歌の表現力には問題はない。ベースとの相対的な関係なのか声質は少し軽く感じられるが、他の感触は良好。少し掠れさせたような手触りをやや強めに出し、心に引っかかる感じを強めてくれるのも悪くはない。抑揚やビブラートの揺れにも素直に追従して滑らかに届けてくれる。
・中島愛×MOMENTUM On-Ear 相性評価:4
これは歌を中心に全体のバランスもよく、歌ものとして実に聴きやすい。そして声の感触もウォーム傾向でかなりよい。
声の倍音がほどよく伸びており、落ち着いた鈴鳴り感を生み出している。またこの曲ではウィスパー成分やファルセット成分を瞬間ごとに絶妙に含ませる歌い方がされているが、その様子も細やかに届いてくる。すると歌の情感がぐっと増すのだ。音楽全体を見たときのワイドレンジさや解像感といった要素は穏やかに整理されているのだが、しかし歌に耳を向ければその情報量は十分に豊か。このヘッドホンはやはり、今回のように歌だけに集中する聴き方には特に向いている気がする。
・中島愛×K712 PRO 相性評価:5
ウィスパー成分やファルセット成分の配合の具合の表現力が秀逸。加えて柔らかくふわっとほぐれた感じの再現性が素晴らしい。

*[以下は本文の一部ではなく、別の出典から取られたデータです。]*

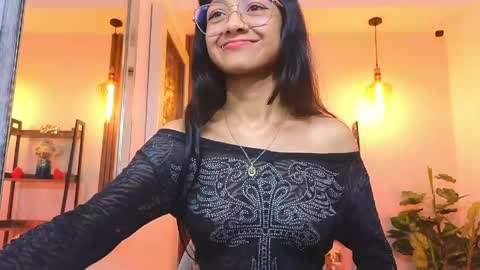 Snapshot of cherry_vixen_ chatting on April 18, 7:07 pm Sery online show from April 18, 7:07 pm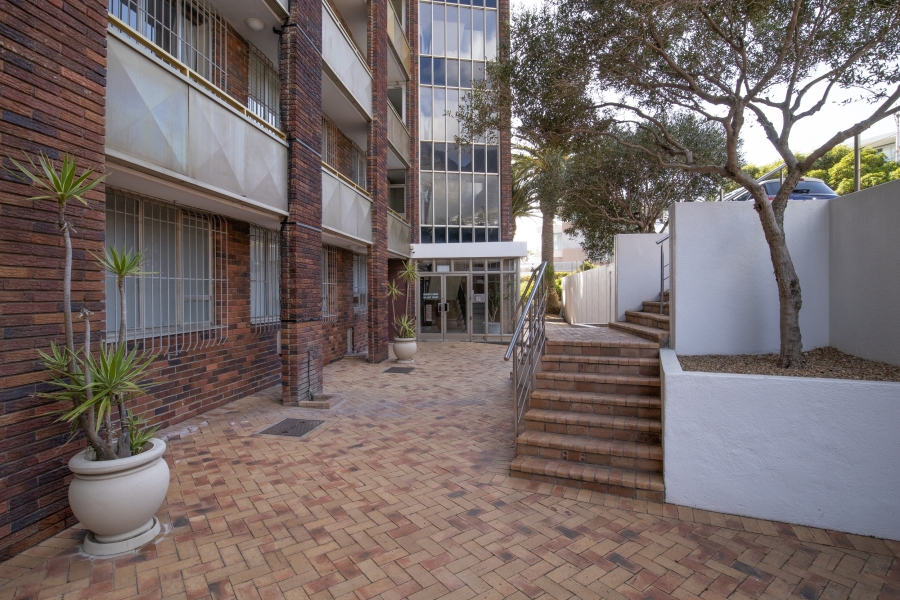 2 Bedroom Property for Sale in Camps Bay Western Cape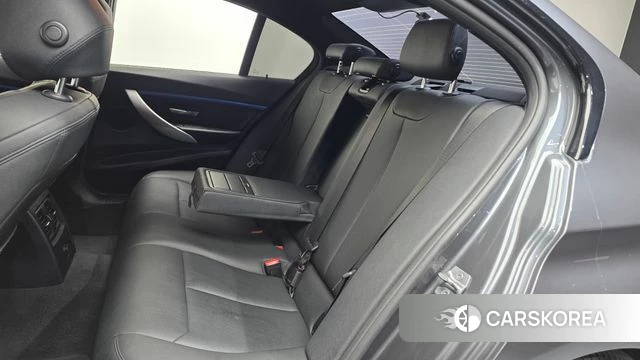 BMW 3 Series (F30) 2018 Серый из Кореи, фото 3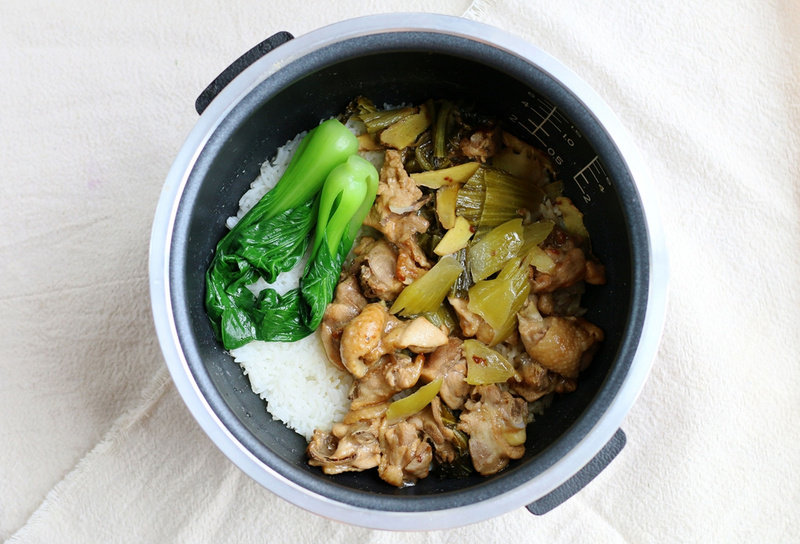 咸菜鸡肉煲仔饭电饭煲轻松做的做法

冒頭「悲しいとか」「淋しいとか」の「し」の子音の感触とか語尾の「か」の声の抜き方とかそういった部分でまめぐさんは、声の倍音を自然に強めたり地声を抜いて倍音を残したりといった、実に豊かな表現をしている。このモデルはその倍音を優しく柔らかく届けてくれる。「負けん気で」の「気」のファルセットも、すっと高く抜ける声でありながらやはり柔らかい。まさにこの歌にぴったりの表現をしてくれるモデルだ。ダイナミクスとビブラートとファルセットとウィスパーを同時並行制御するようなロングトーンの美しさも、ほれぼれする再現っぷり。
・中島愛×SRH1540 相性評価:4
こちらはややクールな傾向だが、これはこれで透明感があって歌の美しさが際立つ。ウィスパー成分やファルセット成分の美しさは特に素晴らしい。それらの成分がシャープに豊かだ。何というかガラスの微粒子をまとったような歌声で、柔らかさではなくあくまでもシャープさなのだが、しかし実にきめ細かいので刺さる感じにはならない。
歌の表現力も秀逸。例えばサビの最後の「壊れそうなら」「そばにいるよ」の語尾である「ら」と「よ」の声色と伸ばし方というか抜き方などで、彼女の声色や音量のコントロールの精緻さにこのヘッドホンも精緻に追従してくれていると実感できる。